• _Task to complete_:
The answer is the full listing below, copied exactly, with its pictures omitted.

• _Information provided_:
Start of Block

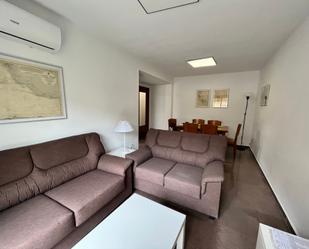 Living room of Flat to rent in Alcoy / Alcoi  with Air Conditioner, Heating and Storage room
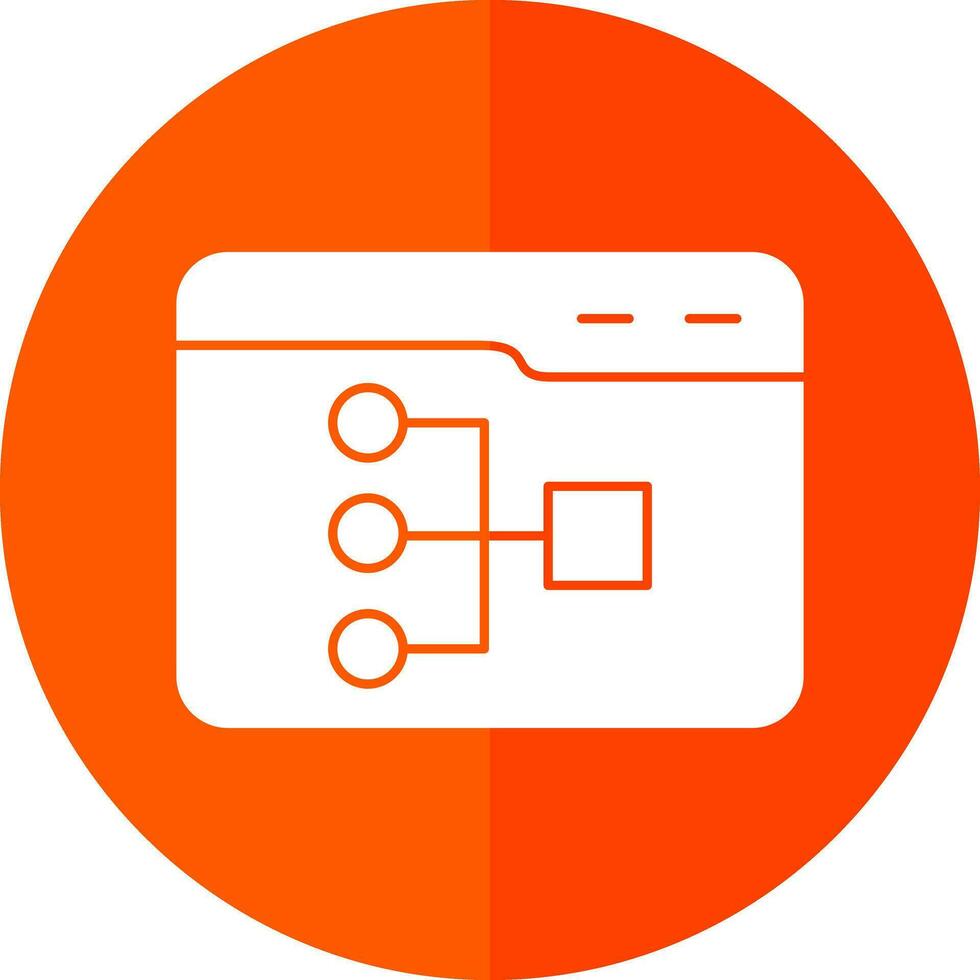 Site Map Vector Icon Design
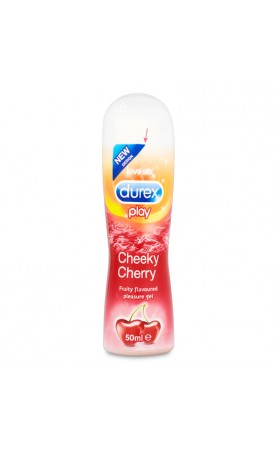 Durex Play Cherry Lubricant 50mls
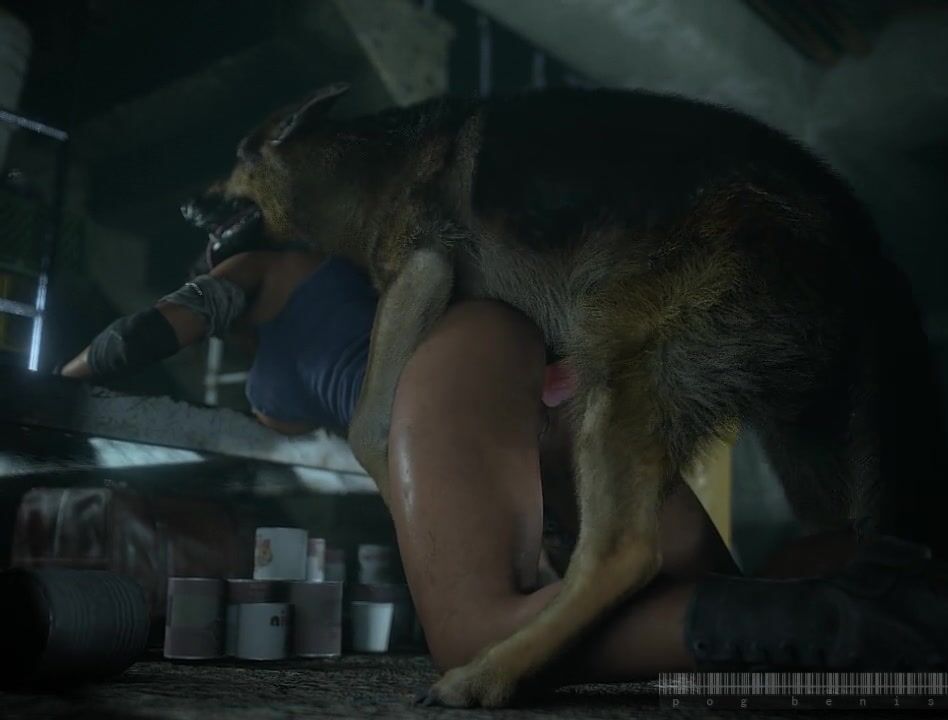 Jill’s Hound [pog benis] - ﻿3D animation on Crohasit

End of Block

• _Expected answer_:
 Living room of Flat to rent in Alcoy / Alcoi  with Air Conditioner, Heating and Storage room
 Site Map Vector Icon Design
 Durex Play Cherry Lubricant 50mls
 Jill’s Hound [pog benis] - ﻿3D animation on Crohasit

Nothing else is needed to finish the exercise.